Discussing the Significance of Imsidolimab’s Rate of Response in GPP, With Neal Bhatia, MD

For individuals living with generalized pustular psoriasis (GPP), the potential for 2 flare-free years could represent a fundamental shift in what GPP treatment can offer.

This was a central theme in a recent HCPLive interview with Neal Bhatia, MD, who reflected on the maintenance data emerging from the GEMINI trials for imsidolimab, Vanda Pharmaceuticals' investigational interleukin (IL)-36 receptor inhibitor currently under US Food and Drug Administration (FDA) review with a PDUFA target date of December 12, 2026.1,2

"You can imagine what that does to quality of life," Bhatia said of the roughly 2-year maintenance period without flares observed in the active treatment arm. Bhatia contrasted this with the limitations of older systemic options such as cyclosporine, characterizing them as slow-acting and burdened by tolerability concerns. These were considered drugs addressing GPP incompletely. The GEMINI data, in Bhatia’s view, represents a meaningful opportunity to extinguish flares that prior treatment paradigms could not reliably control.

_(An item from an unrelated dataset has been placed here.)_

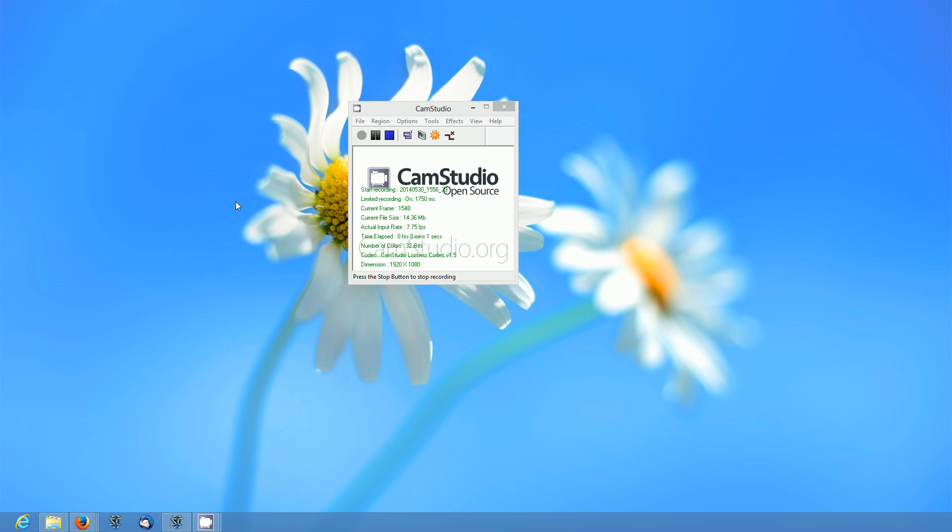What's up YouTube? This is LDS Reliance. Today we're going to do a video and I'm going to show you how to map a drive on your Windows 7 or Windows 8 computer to an FTP server.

On the question of where imsidolimab could fit within the treatment landscape if approved by FDA officials, Bhatia positioned it alongside spesolimab, the currently approved IL-36 inhibitor for GPP, as a natural companion in that targeted class. He acknowledged the real-world tendency among some clinicians to initiate treatment with IL-17 or IL-23 inhibitors given their accessibility and familiarity, but framed that only as a potential bridge. Getting patients to use an IL-36–modifying therapy, Bhatia expressed, should remain the clinical objective.

The therapy's reported favorable safety profile and low incidence of anti-drug antibody formation also carry practical weight in Bhatia's view, though he highlighted his own view suggesting none of it matters without an accurate diagnosis in hand. He recommended patients carry documentation of their confirmed GPP diagnosis to facilitate appropriate care in emergency or urgent care settings where treating clinicians may be unfamiliar with the condition. Equally important, he stressed, is ensuring these individuals have rapid access to infusion therapy at GPP flare onset.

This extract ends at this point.